> **EXERCISE PROMPT**
Copy exactly the lines of the records below, and only those lines, beginning with the line that contains "La Fee Verte Sequin Shorts - Lyst" and ending with the line that contains "EUC Banana Republic Black Sloan Trousers".

> **INPUT DATA**
________________________________________

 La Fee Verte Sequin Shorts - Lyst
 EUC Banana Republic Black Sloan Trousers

________________________________________

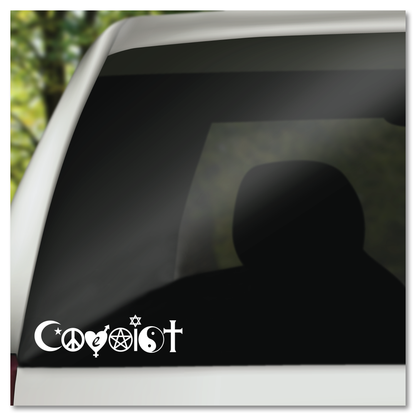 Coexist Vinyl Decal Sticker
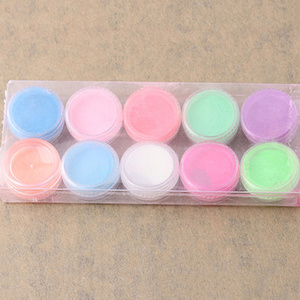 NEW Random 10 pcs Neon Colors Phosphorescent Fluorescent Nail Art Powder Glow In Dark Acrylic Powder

________________________________________

> **ANSWER BELOW**
 La Fee Verte Sequin Shorts - Lyst
 EUC Banana Republic Black Sloan Trousers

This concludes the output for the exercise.